There is a biting summary of this phenomena in the second paragraph of Pollan’s article:

Confucius advised that if we hoped to repair what was wrong in the world, we had best start with the “rectification of the names.” The corruption of society begins with the failure to call things by their proper names, he maintained, and its renovation begins with the reattachment of words to real things and precise concepts. So what about this much-abused pair of names, sustainable and unsustainable?

I sat at the breakfast table, thinking about this paragraph. It stunned me, because my awareness of the philosophical questioning of language – its power to distort and clarify – didn’t extend as far as back in time as Confucius. To read it made me understand that this conflict – the fight to keep language from becoming a meaningless putty in the hands of technocrats – has been going on probably since the dawn of communication. It wasn’t until reading, of all people, Confucius – that old aphorism-spewing chestnut – speak about it that my understanding of the conflict was deepened.

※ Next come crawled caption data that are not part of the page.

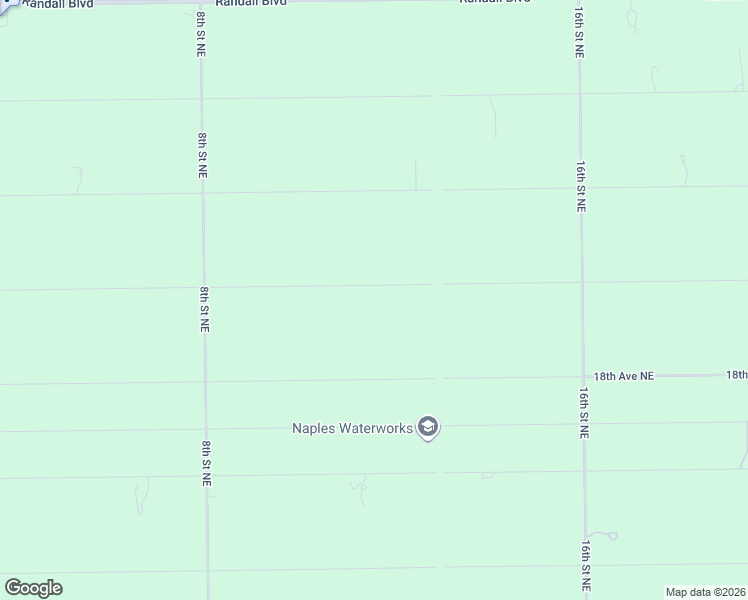map of restaurants, bars, coffee shops, grocery stores, and more near 1170 20th Avenue Northeast in Naples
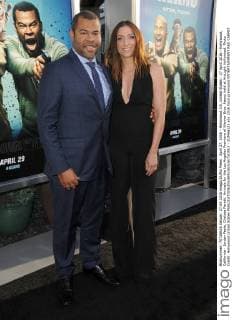 April 27, 2016 - Hollywood, CA, United States - 27 April 2016 - Hollywood, California - Jordan Peele, Chelsea Peretti. Arrivals for the Los Angeles Premiere of Warner Bros. Keanu held at ArcLight Hollywood. Photo Credit: Hollywood United States - ZUMAa123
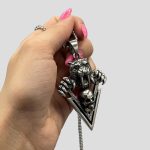 پلاک و گردنبند استیل اسکلت وشیر مدل Soul Grave کد Njd-404M0286 - Image 4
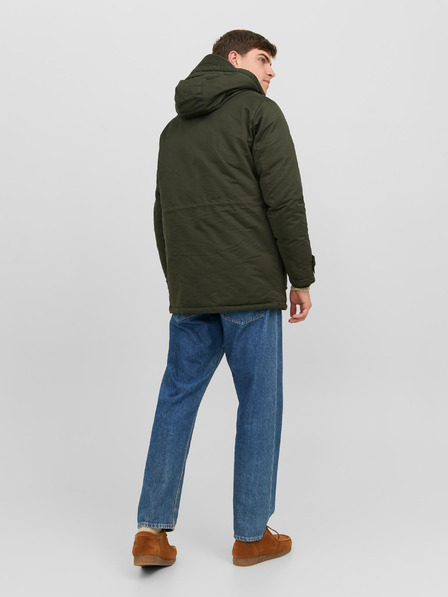 Jack & Jones Khaki pánska zimná parka Jack & Jones Clip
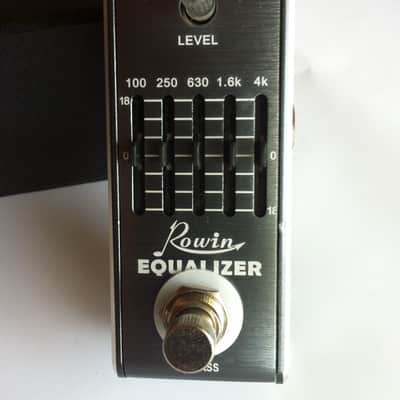 Rowin LEF-617A Guitar EQ 5 band graphic EQ MASTER Volume True Bypass 600 Series their Nice Stuff✅New image 2
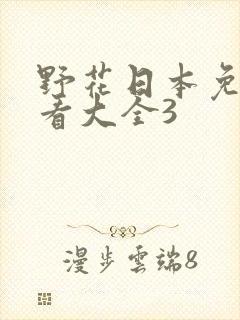 野花日本免费观看大全3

The two writers who outlined this conflict most beautifully for me were Wittgenstein, quoted at the top (from his treatise, Tractatus Logico-Philosophicus) and John Ralston Saul, who rallied against the rise of technocrats most effectively in his books Voltaire’s Bastards, and The Unconscious Civilization. Each fulfilled a means of illuminating the power of language in a way that was neither impractically academic nor precious. Saul warns about how the images and words we share can be/have been actively distorted by those with corrupting self-interest. Wittgenstein’s very philosophy is about the parsing of truth and falsity (or senselessness, as he would put it) in how we use language to construct a world view.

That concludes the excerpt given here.